If you follow me over on Twitter, you’ll have seen the weekly post I throw out that predicts a club’s final points tally and their odds of making the playoff field. Such projections are a staple of sports data coverage across other leagues, so I decided to develop a model of my own before the 2022 campaign.
If you’re curious, the first season of the model returned an average error of 10 points for a given team based on the 2022 preseason projections. Overall, my model could explain about 85% of the variance in a team’s final points tally, and it pegged 10 out of 14 playoff teams correctly.
I’ve previously broken down the Goals Above Replacement (GAR) player evaluation metric I created, and it forms the backbone of my model.
Messy nerd shit follows. The gist is that every player gets a projected value.
I take past seasons of performance as graded by GAR, use age and projected minutes played, and turn out an expected for every player on a given roster. For signings that weren’t in the USL in the prior season, the GAR model uses their age, projected minutes, last league, and prior USL GARs if applicable to come up with a similar projection.
Birmingham’s entry in my modeling spreadsheet is shown. There’s a mess of data here, and not all of it figures in, but you can see the gist of how I organize things.
Every player gets a minutes total assigned in that “90sProj” column, and the entries are split into discrete units of five ranging from zero to 30. I try and be forward-looking as I update projections throughout the season, and I assure that every team’s minutes played equal the same final number.
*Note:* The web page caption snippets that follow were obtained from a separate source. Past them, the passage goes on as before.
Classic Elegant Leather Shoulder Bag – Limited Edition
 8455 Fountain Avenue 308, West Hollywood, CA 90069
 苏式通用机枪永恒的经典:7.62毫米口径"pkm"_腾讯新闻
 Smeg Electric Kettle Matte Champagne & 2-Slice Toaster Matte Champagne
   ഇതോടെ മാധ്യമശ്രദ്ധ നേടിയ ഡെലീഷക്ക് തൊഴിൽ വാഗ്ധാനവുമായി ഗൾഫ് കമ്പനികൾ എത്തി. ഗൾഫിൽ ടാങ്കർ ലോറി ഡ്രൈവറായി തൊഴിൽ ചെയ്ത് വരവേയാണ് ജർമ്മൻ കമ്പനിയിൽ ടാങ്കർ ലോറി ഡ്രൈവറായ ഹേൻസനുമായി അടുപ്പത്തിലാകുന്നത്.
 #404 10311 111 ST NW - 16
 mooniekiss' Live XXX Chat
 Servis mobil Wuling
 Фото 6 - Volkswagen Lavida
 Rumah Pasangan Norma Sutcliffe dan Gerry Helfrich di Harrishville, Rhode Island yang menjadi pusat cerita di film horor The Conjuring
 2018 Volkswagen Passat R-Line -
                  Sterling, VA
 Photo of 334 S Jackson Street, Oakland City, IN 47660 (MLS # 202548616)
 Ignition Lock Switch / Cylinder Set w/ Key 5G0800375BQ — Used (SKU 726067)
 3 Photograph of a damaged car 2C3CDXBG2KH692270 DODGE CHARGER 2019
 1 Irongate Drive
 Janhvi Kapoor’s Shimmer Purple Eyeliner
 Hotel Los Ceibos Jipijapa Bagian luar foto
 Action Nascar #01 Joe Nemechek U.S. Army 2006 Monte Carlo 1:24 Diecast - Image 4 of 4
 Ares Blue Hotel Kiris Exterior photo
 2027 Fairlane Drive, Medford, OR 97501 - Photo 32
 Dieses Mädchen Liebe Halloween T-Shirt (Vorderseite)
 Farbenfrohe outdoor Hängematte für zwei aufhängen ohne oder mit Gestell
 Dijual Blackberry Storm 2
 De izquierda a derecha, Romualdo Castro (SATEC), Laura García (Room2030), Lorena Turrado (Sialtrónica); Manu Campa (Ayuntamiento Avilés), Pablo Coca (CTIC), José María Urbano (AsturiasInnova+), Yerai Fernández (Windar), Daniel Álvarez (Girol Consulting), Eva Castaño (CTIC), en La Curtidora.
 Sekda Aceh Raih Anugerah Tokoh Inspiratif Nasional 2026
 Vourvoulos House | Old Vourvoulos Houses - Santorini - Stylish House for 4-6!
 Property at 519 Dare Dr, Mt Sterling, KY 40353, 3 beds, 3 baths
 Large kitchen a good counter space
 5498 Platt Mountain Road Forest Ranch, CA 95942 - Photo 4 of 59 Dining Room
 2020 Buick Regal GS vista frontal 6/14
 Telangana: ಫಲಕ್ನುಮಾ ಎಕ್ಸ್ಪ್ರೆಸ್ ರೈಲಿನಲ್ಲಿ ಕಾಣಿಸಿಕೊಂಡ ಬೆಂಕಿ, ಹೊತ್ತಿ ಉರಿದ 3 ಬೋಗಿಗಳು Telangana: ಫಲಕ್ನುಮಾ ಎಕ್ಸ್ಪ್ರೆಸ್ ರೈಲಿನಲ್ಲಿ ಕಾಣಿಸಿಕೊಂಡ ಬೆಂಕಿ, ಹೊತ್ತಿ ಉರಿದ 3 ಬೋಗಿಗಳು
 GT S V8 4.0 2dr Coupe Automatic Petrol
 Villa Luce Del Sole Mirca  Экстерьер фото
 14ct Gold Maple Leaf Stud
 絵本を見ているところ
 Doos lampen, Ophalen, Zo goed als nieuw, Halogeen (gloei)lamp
The “AgeVP” column is a player’s GAR from 2022, if applicable, with an adjustment for their age. To the left, the “Est. GAR” column comes up with expected performance for new signings; note how Tyler Pasher comes with a 4.08 projection, which is equivalent to a Sean Totsch or Danny Griffin in a leaguewide context.
That projected number is then combined with the “23G” column near the far right side, which represents a player’s GAR for this season. The weight for the 2023 number increases with each passing week, and the new tally is multiplied by the minutes projection in the ultimate “ADJ” column.
More messy nerd shit follows. Every team is graded on their total player values and the points they earn as the USL season goes on.
From there, the player-by-player values are summed up for each club. That total is divided by the league average, which generates a multiplier. Say your team is 20% better than average: you get a 1.2 multiplier.
Look to the “Odds Sum” and “Raw Pts.” columns below for the product of that multiplier and the historic 44ish point average for a USL side across 34 games.
As the season rolls on, that value-based prediction is combined with a team’s actual points in the table in the “Exp. Points” column. Say you’ve played 17 games out of 34; half of the expected number comes from the GAR-based projection, and half comes from real results.
EDIT (7/20/23): Now, with a strength-of-schedule model in place, those expected points are adjusted for the opponents a team has left on the slate. The schedule factor relies on whether a match is home or away, the days of rest before that match, and the difficulty of the given opponent.
The final four columns on the right side all deal with playoff odds. I’ve dug into the chance a team qualifies for the postseason at every discrete points total and created a formula based on that research. The final output goes into the “FORMAL ODDS” column. Don’t worry about the yellow-highlighted “In-Use” column; that has to do with the graphics I put out.
End of messy nerd shit.
So that’s the gist. I’ve toyed with strength-of-schedule considerations, and I also researched the impact of player retention for the preseason number. If you’ve kept up with my writing religiously, you’ll remember me posting articles and Tweets about both of those things.
I’m not denying the importance of schedule and continuity, but I do think a simpler model pays off. Ultimately, I’m not Nate Silver, and I only have undergraduate-level competency in statistics.
Will I improve the model next year? You bet; the league variable is new in 2023. Still, that 85% R-squared value is good, and I much prefer to break down tactics and tape then obsess too hard over the spreadsheets.